Lanškroun Ponds Nature Park is located mostly in the municipal territory of Lanškroun, northwestern of the town. The nature park also extends into the territory of municipalities Ostrov and Rudoltice.

==Description==
The nature park has an area of 243 ha, out of which 45 ha are the ponds.

The nature park is formed by set of seven fish ponds on the Ostrovský Stream and their surroundings: Krátký, Dlouhý, Olšový, Pšeničkův, Plockův, Slunečný and Ostrovský. Part of the nature park is also the area around the Zadní Stream which flows in the territory into the Ostrovský Stream.
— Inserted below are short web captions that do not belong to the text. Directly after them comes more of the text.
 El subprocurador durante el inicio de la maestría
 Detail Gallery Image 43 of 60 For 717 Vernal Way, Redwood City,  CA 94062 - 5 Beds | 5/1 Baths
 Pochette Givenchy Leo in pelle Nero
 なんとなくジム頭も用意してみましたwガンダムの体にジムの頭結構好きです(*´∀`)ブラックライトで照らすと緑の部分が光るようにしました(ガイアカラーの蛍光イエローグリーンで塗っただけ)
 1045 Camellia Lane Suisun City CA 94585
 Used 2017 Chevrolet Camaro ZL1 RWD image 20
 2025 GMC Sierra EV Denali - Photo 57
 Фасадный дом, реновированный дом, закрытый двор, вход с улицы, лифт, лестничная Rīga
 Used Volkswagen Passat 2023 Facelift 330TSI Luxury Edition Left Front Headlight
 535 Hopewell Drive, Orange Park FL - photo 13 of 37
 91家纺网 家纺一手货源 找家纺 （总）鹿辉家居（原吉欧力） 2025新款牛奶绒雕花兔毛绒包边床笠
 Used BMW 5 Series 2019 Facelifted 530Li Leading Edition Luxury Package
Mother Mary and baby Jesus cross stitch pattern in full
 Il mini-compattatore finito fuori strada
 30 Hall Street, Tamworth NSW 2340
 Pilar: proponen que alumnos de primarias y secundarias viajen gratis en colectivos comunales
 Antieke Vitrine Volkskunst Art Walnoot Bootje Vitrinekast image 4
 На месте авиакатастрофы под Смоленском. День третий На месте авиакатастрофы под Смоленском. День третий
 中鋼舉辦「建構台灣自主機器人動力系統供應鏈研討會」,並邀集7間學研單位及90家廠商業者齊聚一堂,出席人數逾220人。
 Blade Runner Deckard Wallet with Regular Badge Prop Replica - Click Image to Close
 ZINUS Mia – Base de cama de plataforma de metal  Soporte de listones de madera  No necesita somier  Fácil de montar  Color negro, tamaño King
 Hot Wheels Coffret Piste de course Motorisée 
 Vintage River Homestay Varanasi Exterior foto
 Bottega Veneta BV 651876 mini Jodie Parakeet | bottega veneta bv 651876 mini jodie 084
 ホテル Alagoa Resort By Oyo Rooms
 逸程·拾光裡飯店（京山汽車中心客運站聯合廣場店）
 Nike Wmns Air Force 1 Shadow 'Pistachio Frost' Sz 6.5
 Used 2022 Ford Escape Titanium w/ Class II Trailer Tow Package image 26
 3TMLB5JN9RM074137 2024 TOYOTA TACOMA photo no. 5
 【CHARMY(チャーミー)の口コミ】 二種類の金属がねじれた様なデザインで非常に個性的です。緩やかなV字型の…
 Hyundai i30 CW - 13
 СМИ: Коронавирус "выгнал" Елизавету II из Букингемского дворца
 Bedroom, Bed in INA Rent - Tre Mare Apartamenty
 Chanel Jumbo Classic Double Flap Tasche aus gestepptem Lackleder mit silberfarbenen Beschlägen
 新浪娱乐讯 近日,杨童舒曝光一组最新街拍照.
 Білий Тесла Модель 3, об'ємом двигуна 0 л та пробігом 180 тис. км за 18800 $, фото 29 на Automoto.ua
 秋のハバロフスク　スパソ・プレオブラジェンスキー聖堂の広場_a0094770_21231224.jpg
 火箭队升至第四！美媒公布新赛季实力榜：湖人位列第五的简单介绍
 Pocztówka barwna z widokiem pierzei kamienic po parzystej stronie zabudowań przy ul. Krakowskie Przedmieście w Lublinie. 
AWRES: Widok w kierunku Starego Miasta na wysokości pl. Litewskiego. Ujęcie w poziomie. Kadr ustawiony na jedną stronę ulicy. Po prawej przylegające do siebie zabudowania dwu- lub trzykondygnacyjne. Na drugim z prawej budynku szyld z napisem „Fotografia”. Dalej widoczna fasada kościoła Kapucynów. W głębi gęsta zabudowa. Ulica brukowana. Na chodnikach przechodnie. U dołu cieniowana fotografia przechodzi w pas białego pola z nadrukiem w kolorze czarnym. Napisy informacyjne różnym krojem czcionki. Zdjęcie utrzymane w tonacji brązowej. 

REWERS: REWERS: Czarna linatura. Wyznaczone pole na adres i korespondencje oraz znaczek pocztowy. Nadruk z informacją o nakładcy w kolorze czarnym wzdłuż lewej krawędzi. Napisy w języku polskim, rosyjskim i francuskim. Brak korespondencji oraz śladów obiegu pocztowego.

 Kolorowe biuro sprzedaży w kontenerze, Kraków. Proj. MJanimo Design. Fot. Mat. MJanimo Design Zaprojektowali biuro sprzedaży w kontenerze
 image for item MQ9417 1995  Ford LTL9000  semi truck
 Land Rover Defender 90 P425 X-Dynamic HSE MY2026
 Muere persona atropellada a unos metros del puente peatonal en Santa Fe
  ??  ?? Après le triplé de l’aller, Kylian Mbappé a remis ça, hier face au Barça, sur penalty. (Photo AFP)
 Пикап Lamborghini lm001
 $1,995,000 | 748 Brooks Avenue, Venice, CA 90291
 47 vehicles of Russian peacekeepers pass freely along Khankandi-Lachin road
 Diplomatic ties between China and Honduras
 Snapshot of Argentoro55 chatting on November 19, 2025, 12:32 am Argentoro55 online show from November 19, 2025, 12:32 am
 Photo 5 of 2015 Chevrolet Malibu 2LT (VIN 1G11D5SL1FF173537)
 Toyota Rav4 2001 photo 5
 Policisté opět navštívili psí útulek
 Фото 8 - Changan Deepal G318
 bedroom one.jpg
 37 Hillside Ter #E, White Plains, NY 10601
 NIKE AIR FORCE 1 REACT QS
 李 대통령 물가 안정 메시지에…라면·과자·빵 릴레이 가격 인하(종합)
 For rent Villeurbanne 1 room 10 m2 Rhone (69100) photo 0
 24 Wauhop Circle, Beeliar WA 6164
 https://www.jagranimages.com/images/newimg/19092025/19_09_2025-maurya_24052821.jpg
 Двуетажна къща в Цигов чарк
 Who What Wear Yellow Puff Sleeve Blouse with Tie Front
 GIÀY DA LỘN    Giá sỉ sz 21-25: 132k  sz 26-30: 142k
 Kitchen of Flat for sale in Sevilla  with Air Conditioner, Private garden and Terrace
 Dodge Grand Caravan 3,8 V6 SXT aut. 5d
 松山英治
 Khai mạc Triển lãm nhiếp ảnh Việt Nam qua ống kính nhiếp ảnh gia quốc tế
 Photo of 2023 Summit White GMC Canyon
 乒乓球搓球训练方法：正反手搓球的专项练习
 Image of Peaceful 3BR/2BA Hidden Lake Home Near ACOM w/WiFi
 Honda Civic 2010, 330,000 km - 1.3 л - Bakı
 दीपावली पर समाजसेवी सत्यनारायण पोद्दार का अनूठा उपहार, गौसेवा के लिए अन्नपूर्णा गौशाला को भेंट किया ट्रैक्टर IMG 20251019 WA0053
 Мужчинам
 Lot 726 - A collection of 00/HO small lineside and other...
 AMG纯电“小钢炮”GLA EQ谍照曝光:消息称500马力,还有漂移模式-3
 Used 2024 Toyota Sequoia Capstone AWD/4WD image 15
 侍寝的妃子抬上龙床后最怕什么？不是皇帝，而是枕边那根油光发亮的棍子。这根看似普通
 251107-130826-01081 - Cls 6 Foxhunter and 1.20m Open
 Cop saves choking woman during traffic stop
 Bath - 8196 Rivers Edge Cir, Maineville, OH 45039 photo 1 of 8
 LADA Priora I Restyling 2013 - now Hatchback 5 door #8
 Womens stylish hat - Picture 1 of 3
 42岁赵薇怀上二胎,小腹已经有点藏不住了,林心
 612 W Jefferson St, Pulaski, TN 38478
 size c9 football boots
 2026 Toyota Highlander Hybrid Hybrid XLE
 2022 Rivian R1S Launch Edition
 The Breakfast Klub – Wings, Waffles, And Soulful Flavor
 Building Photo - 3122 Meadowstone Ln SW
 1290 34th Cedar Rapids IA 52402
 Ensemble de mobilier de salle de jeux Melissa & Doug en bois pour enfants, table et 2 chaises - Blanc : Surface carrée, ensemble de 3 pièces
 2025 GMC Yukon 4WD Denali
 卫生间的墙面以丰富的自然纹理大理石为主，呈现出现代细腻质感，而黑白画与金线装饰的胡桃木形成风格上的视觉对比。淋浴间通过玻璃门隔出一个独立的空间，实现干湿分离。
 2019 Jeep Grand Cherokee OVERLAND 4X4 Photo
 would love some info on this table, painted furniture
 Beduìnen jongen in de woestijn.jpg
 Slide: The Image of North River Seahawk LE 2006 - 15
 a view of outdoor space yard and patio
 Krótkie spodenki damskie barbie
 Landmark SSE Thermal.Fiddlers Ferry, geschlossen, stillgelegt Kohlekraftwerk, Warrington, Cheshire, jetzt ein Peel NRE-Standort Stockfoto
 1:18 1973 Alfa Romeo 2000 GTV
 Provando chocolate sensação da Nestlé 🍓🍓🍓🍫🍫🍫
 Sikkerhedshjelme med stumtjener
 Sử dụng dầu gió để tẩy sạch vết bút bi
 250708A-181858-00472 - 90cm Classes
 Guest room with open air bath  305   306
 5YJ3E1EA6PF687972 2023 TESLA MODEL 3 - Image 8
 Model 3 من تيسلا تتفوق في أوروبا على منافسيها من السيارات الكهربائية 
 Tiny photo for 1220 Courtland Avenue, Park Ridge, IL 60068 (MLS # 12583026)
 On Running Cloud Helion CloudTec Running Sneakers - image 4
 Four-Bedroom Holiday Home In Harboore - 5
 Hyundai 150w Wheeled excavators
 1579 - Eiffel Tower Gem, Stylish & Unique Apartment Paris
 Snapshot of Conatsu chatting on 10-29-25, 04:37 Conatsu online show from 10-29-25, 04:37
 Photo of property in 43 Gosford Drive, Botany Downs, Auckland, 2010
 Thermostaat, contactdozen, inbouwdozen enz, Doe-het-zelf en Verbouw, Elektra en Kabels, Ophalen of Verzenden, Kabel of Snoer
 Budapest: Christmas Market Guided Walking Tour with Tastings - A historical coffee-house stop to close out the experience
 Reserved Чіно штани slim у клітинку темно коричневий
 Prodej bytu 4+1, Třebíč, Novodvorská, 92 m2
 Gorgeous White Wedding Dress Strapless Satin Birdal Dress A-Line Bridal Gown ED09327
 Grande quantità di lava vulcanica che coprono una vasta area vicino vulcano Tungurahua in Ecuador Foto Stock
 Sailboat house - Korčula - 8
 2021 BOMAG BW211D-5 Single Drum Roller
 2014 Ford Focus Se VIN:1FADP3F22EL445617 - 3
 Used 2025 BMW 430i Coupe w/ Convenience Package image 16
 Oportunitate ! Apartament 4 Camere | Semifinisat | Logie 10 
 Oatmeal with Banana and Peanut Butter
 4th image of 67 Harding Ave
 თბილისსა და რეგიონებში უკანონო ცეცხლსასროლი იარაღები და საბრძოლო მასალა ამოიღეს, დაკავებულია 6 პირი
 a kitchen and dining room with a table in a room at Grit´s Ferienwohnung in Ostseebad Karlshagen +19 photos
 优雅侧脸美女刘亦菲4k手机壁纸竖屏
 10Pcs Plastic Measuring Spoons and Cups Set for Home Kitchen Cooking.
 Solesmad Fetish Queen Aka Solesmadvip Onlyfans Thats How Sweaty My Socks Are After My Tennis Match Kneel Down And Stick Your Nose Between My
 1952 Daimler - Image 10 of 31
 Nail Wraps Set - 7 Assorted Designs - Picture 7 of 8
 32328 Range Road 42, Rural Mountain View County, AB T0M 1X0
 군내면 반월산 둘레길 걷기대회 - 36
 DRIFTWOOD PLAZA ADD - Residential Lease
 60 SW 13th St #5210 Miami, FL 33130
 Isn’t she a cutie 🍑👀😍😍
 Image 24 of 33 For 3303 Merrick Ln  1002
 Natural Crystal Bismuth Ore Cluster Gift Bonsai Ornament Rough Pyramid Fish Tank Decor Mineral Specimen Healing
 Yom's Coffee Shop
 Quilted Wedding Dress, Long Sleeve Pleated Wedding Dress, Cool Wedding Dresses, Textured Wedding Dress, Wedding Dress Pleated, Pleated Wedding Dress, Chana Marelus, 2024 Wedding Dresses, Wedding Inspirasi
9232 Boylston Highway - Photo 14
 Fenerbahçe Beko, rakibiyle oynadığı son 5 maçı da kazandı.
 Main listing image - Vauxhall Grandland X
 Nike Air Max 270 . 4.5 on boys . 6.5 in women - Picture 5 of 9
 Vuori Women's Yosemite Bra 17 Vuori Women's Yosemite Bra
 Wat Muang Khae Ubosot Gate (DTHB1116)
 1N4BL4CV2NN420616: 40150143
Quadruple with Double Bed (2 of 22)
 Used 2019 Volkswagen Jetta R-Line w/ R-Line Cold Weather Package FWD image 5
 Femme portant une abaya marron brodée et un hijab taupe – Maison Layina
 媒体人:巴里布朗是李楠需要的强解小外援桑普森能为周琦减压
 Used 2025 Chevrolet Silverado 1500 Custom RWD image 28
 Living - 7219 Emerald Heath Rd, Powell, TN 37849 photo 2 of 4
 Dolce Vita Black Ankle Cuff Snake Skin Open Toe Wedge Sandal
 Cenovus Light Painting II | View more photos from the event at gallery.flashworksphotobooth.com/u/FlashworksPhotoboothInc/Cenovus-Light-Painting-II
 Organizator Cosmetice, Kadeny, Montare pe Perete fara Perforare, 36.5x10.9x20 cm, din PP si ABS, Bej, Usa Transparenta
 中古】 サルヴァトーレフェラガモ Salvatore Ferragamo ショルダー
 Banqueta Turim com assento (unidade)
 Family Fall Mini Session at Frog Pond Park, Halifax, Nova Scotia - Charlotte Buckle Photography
The northernmost ponds, Pšeničkův and Olšový, and the closest area around the Zadní Stream are protected as a nature reserve.

==History==
The history of pond farming started here in 1433. Dlouhý pond was founded before 1464 as the first pond in the set. The last was founded Slunečný pond in 1965. The nature park was established in 1990.

==Use==
The nature park was established as a place for relaxation and sports activities, and also for biological and aesthetic preservation. Krátky and Slunečný are used for fishing. Dlouhý is the largest pond and is used for recreational purposes. It is a natural swimming pool with the possibility of yachting and windsurfing. An educational path leads through the nature park.

==Protection==
The area of Lanškroun Ponds is an important nesting place for migratory birds. The common snipe, little bittern, white and black stork, water rail, osprey, great reed warbler and many duck species are among the endangered birds who nest in the area. The area is also home to European crayfish, alpine newt, European and green toad, European tree frog and other species of amphibians. The flora is typical for damp areas and includes the yellow iris, white water lilly, western marsh orchid, spring snowflake and other species.